La Cueva de las Manos (Cave of Hands). 7300 BCE. Patagonia region of Argentina.
La Cueva de las Manos (Cave of Hands). 7300 BCE. Patagonia region of Argentina.
Gobeki Tepe. (9500-7500 BCE) Sanliurfa, in Southeastern Turkey,
Gobeki Tepe. (9500-7500 BCE) Sanliurfa, in Southeastern Turkey,

 

 

Stonehenge. 3,000- 1,600 BCE. Wiltshire, England, in the United Kingdom
Stonehenge. 3,000- 1,600 BCE. Wiltshire, England, in the United Kingdom
Brú na Bóinne.  Newgrange Passage Tomb. (3300-2900 BCE). County Meath, Ireland
Brú na Bóinne.  Newgrange Passage Tomb. (3300-2900 BCE). County Meath, Ireland

What Were the Main Characteristics of Stone Age Art?

Two-dimensional and three-dimensional work from the Stone Age is collectively referred to as rock art. Types of works from this period include two-dimensional petroglyphs (engravings) and pictographs ( paintings), with human, animal, or geometric designs. Three-dimensional works such as sculptures were always prevalent in prehistoric art.  The female figure was a particular focus in a form of work known as Venus art. There were also outdoor megaliths.

The Stone Age was a time a great climate shifts and environmental change in which the people had to adapt. Stone Age artists had to use what was available within this environment.

Materials used for drawing and painting include charcoal, clay ochre and manganese. For sculpture common materials Stone Age artists used included sandstone, limestone, quartzite, and steatite. Animal bones were used, as well as reindeer antlers.  Ivory from mammoths was also utilized.

Prehistoric art was created before the written word so there is no record as to its purpose. Art historians and scientists have had to develop theories based on the art and architecture left behind. Each period of prehistoric art brought new and more advanced art as societies evolved.

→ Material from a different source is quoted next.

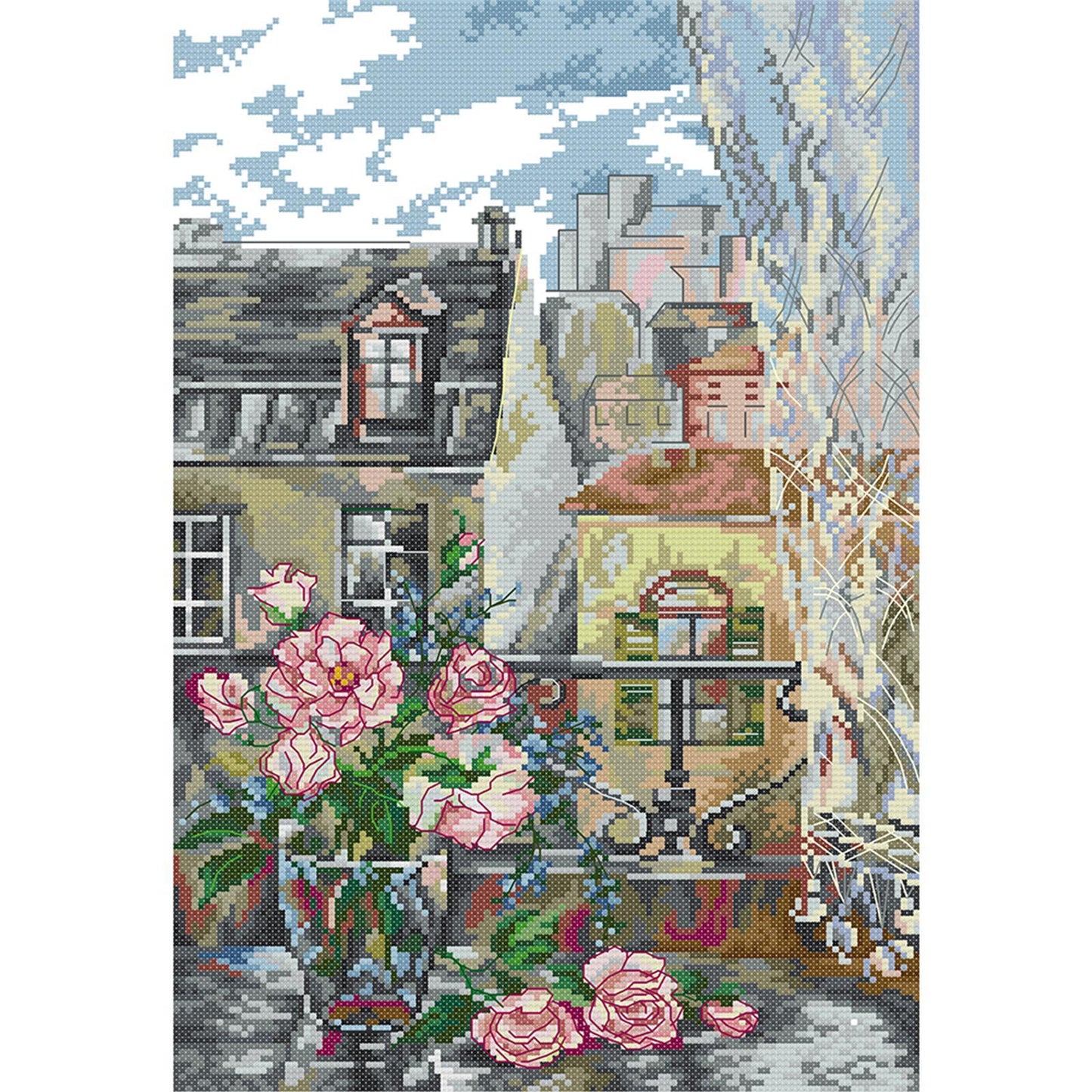 Paris Morning - 14CT Stamped Cross Stitch 29*41CM (Joy Sunday)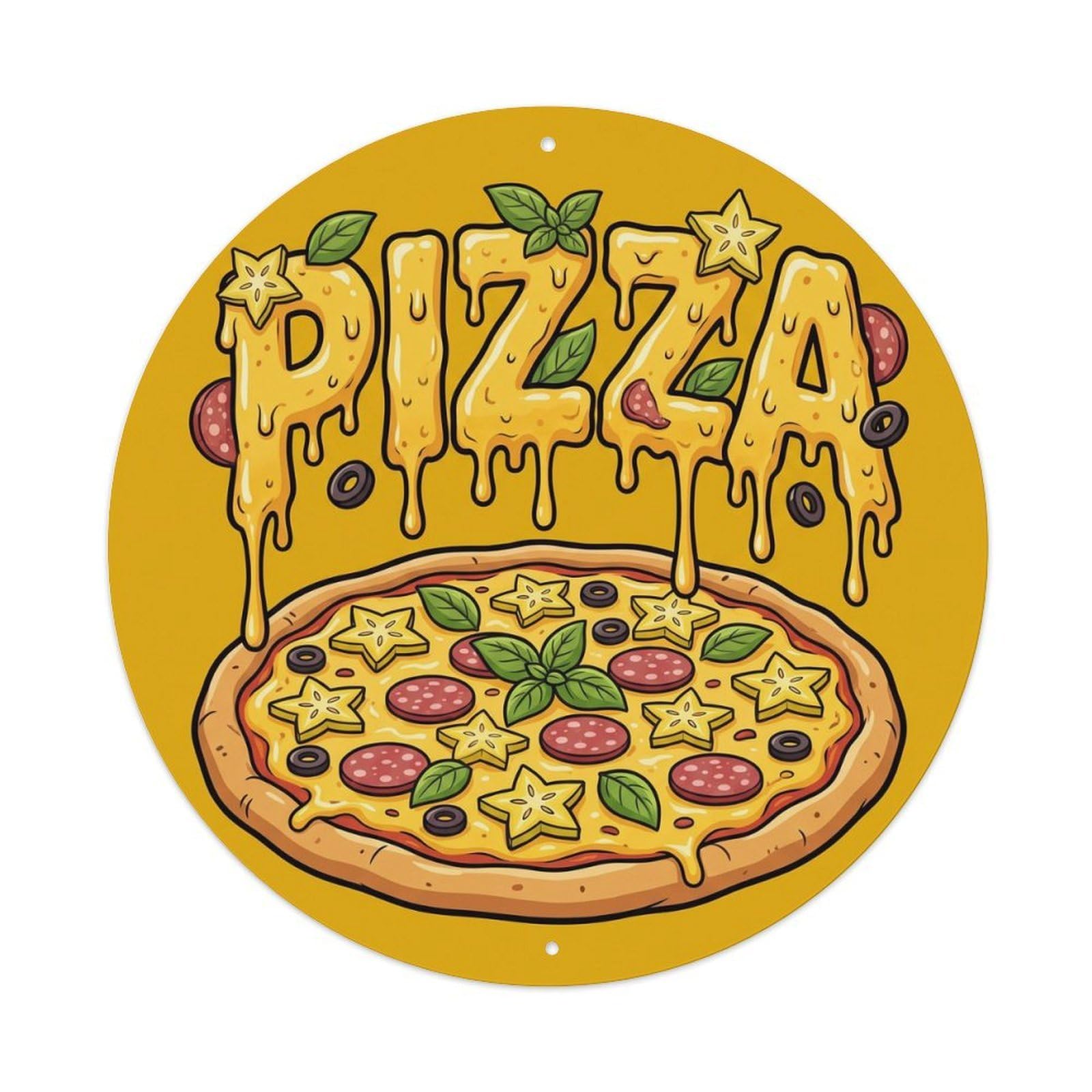 Vintage Pizza Slice Starfruit Basil Vintage Metal Tin Sign Plaque Wall Decor for Cafe, Club Bar, Office, Garden Metal Poster 8x8Inch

All are part of Stone Age art history.

Old Stone Age/Paleolithic Period – 40,000 BCE–10,000 BCE

Historians believe the first Old Stone Age communities were established in West, Central and East Asian between 70,000 and 40, 000 BCE.  Given the vast time span the Old Stone Age or Paleolithic Period be further divided into Lower Paleolithic, Middle Paleolithic and Upper Paleolithic periods.

This was a nomadic stage in global prehistory when the people lived in huts and tepees.

The main concern was hunting and gathering. To accomplish this, the first crudely made stone tool and bone tools emerged. The people hunted for bison, deer, and mammoth, while also fishing. Berries, nuts, and fruits were gathered from the land.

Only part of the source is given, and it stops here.